11 Eylül 2001 tarihindeki ikiz kulelere yapılan saldırı ile sürecin tetiği çekilmiştir. Aradan geçen bu kadar zaman dilimine rağmen hala saldırının sorumluları konusunda fikir birliği yoktur. Bu konuda çok farklı spekülasyonlar yapılmaktadır.
Oysa daha ilk andan itibaren bu saldırı eylemi, Müslümanlara mal edilmiş, fatura İslam coğrafyasına kesilmiştir.
Büyük Ortadoğu Projesi, Arap Baharı hep bu sürecin ürünleridir.
Netice olarak pek çok İslam ülkesi tarumar edilmiştir.
Bunun yanında Müslüman halklar birbirine düşürülmüş iç kargaşa, devletlerarası savaş, büyük göç dalgaları bunu takip etmiştir.

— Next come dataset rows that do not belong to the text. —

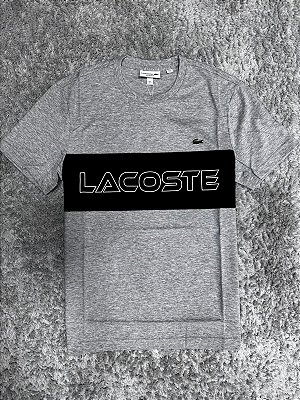 CAMISETA LACOSTE COLORBLOCK CINZA/PRETO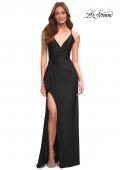 Picture of: Faux Wrap Jersey Dress with Slit and Strappy Back in Black, Style: 30501, Detail Picture 3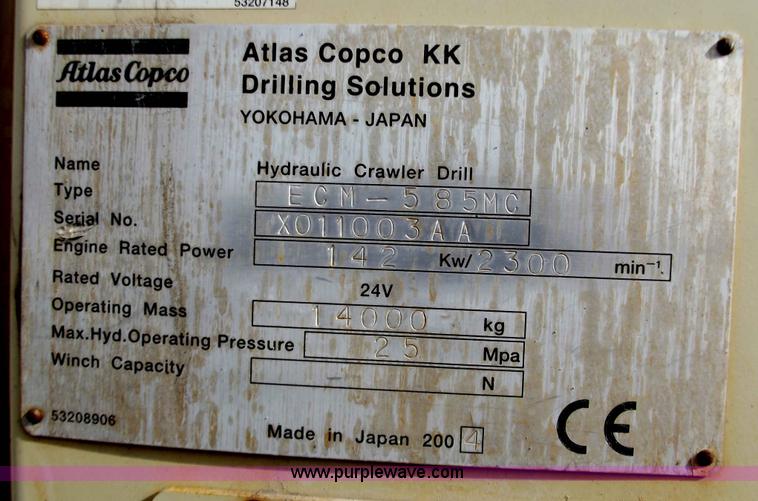 image for item D3501 2004 Atlas Copco ECM585 drilling machine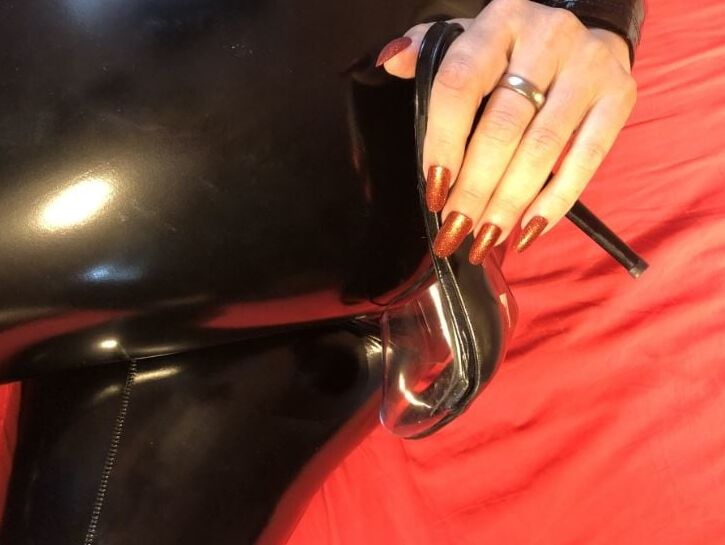 Black PVC, Heels and Vibrator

Silah üreticisi ülkeler, yaşananları fırsata çevirerek ciddi miktarda üretim ve ticaret yapmışlardır.
Vatandaşının temel ihtiyaçlarından feragat eden ülkeler ise savunma adına yatırımlara girişmiş ve bağımlılık katsayılarını daha da arttırmışlardır.

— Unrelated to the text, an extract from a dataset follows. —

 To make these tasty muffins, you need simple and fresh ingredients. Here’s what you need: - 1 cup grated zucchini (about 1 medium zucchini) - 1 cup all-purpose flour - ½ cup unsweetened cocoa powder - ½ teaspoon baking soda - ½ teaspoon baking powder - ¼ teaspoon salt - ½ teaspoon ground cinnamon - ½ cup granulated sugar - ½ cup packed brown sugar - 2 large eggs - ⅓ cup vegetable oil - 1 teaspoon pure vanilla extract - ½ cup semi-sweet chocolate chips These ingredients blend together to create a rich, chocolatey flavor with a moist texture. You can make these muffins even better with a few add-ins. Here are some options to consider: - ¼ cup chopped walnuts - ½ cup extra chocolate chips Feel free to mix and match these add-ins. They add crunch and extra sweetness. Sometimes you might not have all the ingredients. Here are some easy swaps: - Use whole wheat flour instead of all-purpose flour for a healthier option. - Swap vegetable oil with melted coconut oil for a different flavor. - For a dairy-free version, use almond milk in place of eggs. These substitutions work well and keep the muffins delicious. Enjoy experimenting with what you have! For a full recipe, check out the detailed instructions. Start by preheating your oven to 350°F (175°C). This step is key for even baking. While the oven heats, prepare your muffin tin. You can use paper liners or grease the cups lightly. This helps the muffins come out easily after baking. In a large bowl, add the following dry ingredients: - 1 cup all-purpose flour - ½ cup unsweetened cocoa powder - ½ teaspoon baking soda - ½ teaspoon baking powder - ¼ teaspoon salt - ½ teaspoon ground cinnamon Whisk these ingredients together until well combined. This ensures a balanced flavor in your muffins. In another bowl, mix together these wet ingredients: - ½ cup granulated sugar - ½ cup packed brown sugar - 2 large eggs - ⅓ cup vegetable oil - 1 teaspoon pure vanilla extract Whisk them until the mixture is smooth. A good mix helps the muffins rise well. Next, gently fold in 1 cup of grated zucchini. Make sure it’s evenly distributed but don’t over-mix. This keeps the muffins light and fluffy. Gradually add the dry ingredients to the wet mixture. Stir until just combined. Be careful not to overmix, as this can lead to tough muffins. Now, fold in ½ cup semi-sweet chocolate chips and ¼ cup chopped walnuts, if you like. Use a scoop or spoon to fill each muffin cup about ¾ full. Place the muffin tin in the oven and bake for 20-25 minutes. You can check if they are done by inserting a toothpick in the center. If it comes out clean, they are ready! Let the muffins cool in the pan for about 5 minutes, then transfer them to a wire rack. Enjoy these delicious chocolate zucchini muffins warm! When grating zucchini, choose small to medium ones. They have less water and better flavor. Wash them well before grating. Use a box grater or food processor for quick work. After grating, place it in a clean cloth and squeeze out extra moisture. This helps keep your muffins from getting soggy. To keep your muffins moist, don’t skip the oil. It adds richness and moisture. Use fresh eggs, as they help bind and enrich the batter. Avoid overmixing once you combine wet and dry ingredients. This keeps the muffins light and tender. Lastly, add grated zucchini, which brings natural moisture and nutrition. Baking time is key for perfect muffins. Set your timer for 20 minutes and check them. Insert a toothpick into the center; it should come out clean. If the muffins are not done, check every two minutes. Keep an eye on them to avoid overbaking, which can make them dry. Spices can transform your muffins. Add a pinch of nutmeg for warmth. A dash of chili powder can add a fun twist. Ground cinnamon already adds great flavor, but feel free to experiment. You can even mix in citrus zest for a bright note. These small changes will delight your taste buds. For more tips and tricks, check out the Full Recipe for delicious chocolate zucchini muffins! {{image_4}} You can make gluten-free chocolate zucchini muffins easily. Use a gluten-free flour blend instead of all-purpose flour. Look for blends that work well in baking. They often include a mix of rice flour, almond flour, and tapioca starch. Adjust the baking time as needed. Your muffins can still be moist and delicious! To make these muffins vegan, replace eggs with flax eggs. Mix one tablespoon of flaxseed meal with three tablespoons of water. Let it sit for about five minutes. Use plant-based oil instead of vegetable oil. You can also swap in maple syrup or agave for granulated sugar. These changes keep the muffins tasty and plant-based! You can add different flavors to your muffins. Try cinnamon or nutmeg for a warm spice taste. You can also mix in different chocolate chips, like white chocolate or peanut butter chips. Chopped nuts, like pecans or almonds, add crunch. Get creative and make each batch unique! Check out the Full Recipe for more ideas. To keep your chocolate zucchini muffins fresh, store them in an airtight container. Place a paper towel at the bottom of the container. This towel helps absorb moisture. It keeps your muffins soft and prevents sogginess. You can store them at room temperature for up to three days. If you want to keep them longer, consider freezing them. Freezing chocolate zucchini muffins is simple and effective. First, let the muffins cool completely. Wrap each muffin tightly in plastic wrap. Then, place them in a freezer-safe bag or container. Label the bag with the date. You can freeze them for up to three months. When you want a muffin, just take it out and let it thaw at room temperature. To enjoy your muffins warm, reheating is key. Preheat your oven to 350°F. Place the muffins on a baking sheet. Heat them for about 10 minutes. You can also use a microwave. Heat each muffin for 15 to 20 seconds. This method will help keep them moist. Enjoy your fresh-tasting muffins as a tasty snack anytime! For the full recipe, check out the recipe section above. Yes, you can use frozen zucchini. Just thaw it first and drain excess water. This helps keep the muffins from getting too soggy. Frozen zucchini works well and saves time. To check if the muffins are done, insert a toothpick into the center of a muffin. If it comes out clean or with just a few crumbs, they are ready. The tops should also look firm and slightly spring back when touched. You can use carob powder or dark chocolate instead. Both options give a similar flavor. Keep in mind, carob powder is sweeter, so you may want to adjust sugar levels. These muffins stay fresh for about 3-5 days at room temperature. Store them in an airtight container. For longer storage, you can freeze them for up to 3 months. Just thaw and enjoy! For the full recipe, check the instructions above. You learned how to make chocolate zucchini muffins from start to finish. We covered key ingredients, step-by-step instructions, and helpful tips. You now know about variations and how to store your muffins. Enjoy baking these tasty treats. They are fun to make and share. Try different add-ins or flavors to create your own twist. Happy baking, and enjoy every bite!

Mezhep çatışması körükleniyor
Coğrafyamızdaki tansiyonu arttıran girişimlerden birisi de Yemen'e Suudi Arabistan'ın öncülüğünde yapılan saldırılardır. 10 Arap ülkesinin katılımıyla düzenlenen operasyonlar, 2015 yılından beri devam etmektedir.
Mezhep çatışmasını körüklemek isteyen güçlerin organize ettiği saldırı, her an boyutunu arttırmak için manevra yapmaktadır.
Yapılmak istenen Alevi, Şii, Sünni mezhep çatışmasını kişisel plandan, ülkeler çapına bütün coğrafyaya yaymaktır.
Suudi Arabistan'daki Aramco petrol tesislerinin bombalanmasını bu şekilde okumak gerekir.
Azalan petrol üretimi ve artan fiyatlar dünyada rahatsızlık oluşturmuştur. ABD'den gelen açıklamalar bu saldırının İran'a savaş açma gerekçesi olabileceği şeklindedir.
Ancak İran güçlü savunma sanayine sahip olduğu için ABD doğrudan cesaret edememektedir. Kendi adına vekâlet savaş görevini Suudi Arabistan'a vermek istemektedir.
Beri taraftan ABD'nin Suriye'nin kuzeyine yaptığı silah ve mühimmat desteğini yorumlamak gerekir.
Bir kere o kadar yığınak ve teknolojiyi kullanacak kadar PYD'li bile yoktur. Suriye Demokratik Güçlerine destek adı altında güya bölge halkının yanında yer alıyorlar. Oysa bu destek değil köstektir, Yahudilerin Arz-ı Mev'ud idealleri için bu insanlar basamak olarak kullanılmak istenmektedir.
Üzücü olan, gün gibi açık bu gelişmeler dikkatlerden kaçırılmaya çalışılmaktadır. Yöneticilerin çözüm adına yaptıkları, hazmettirme eyleminden öteye geçememektedir.